O que nos leva a uma série de questões relacionadas. O que exatamente procuram os juízes do World Press? O que os leitores desejam ou esperam das fotos de jornais? Se a resposta for arte, quais são as novas responsabilidades para os fotógrafos encarregados de transformar a notícia do dia nas imagens que produz? No mínimo, é preciso se chegar a um equilíbrio entre as funções concorrentes da foto jornalística, de um documentário ou um objeto artístico.
Não é impossível criar algo que seja ao mesmo tempo visualmente perceptivo e de grande importância jornalística.
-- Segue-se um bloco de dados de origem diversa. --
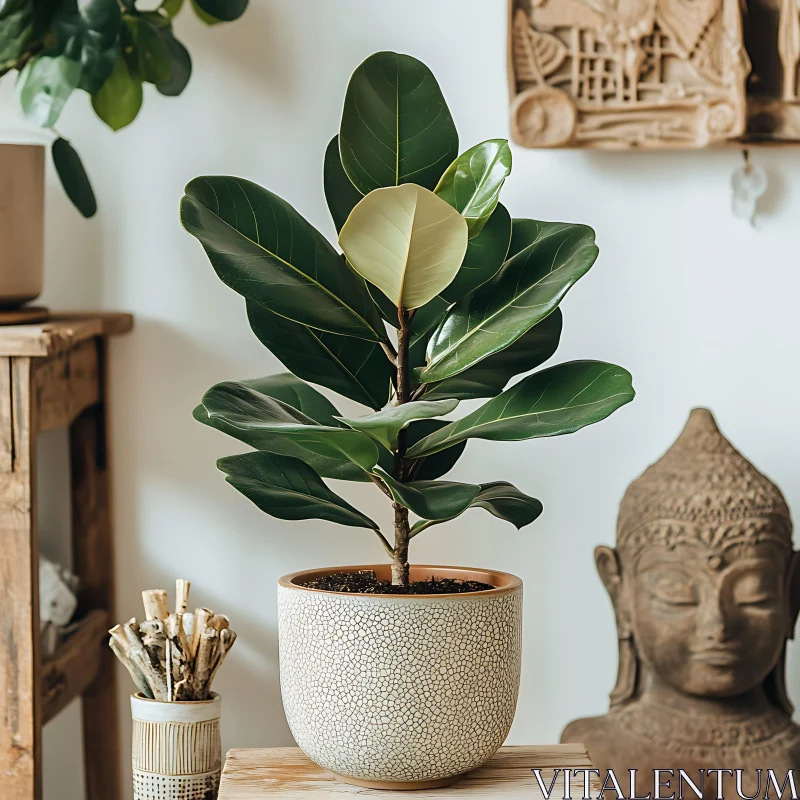 Indoor Plant with Buddha Statue AI Image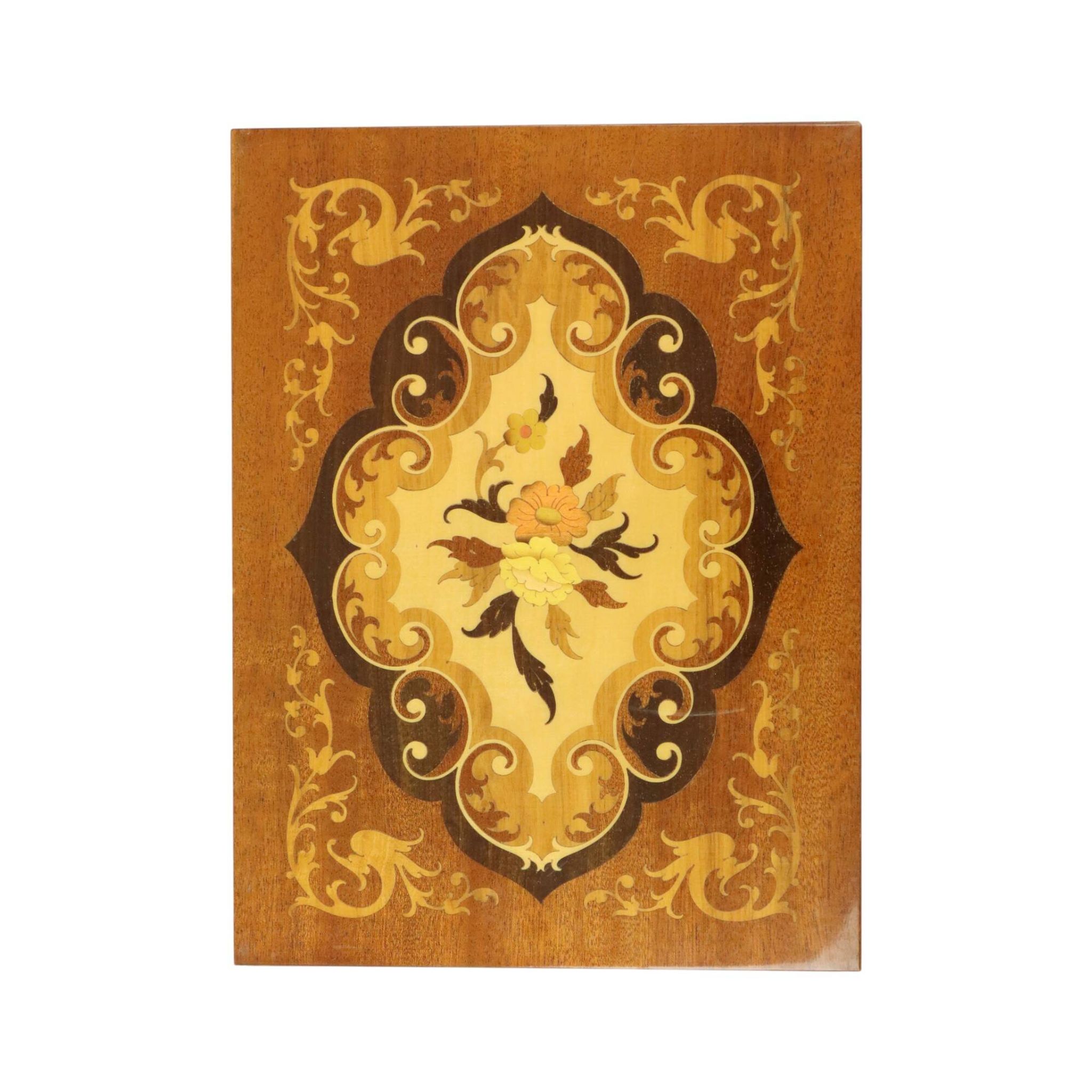 Italian Music Box Wooden Table Sorrento Sankyo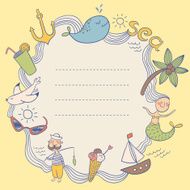 Frame design with sea theme doodles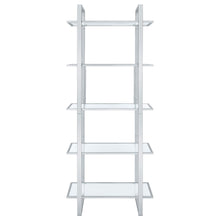 Load image into Gallery viewer, Hartford Glass Shelf Bookcase Chrome
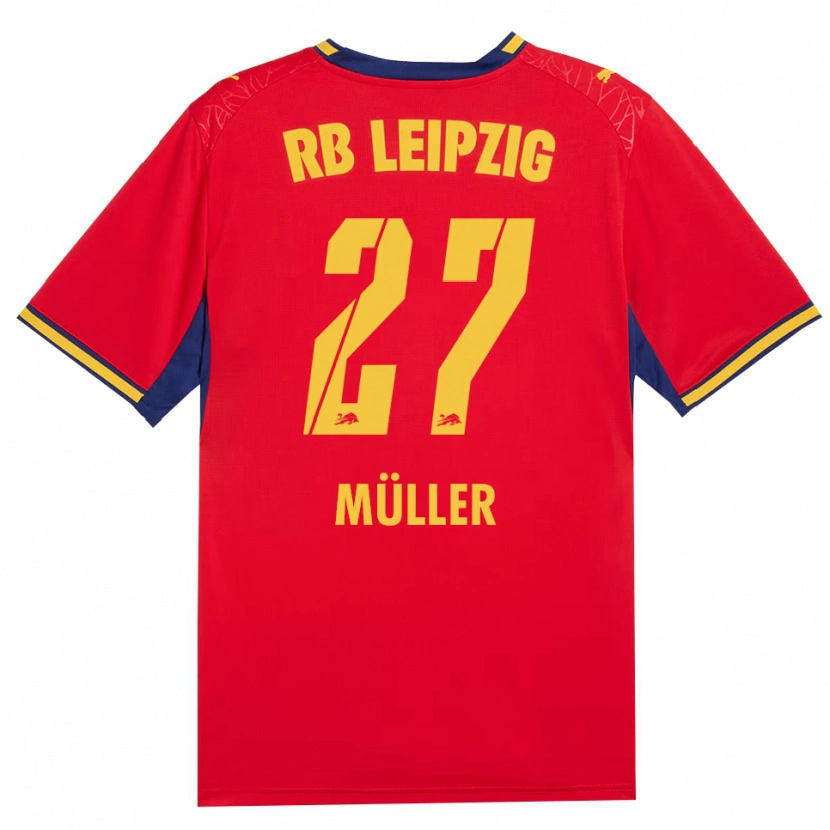 Danxen Bambino Maglia Marlene Müller #27 Rosso Giallo Blu Reale Kit Gara Away 2026/27 Maglietta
O trabalho de Ryan Kelly focado na manifestação da extrema direita, Unite the Right, em Charlottesville, Virgínia, em agosto, é testemunho disto. Em uma foto pungente, Kelly capturou o momento em que James Alex Fields Jr. investiu seu carro contra uma multidão de pessoas que protestava contra aquela manifestação, matando uma mulher, Heather Heyer, e ferindo 19 pessoas. A foto é incompreensível à primeira vista, capturando o caos e o terror daquele momento e não pode ser isolada do contexto da história. Não sabemos se ela não foi a vencedora do grande prêmio deste ano porque é menos polida esteticamente ou porque pode ser sido vista como uma espécie de vitória perversa da direita alternativa. (No ano passado houve controvérsias quando Burhan Ozbilici foi declarado vencedor pela sua foto mostrando o policial fora de serviço que assassinou Andrey Karlov, embaixador russo na Turquia, em uma galeria de arte em Ancara). Mas ela foi, contudo, uma vitória do fotojornalismo: o tipo de fotografia que assumiu os dois papéis e estaria um pouco fora de contexto se pendurada na parede de uma residência.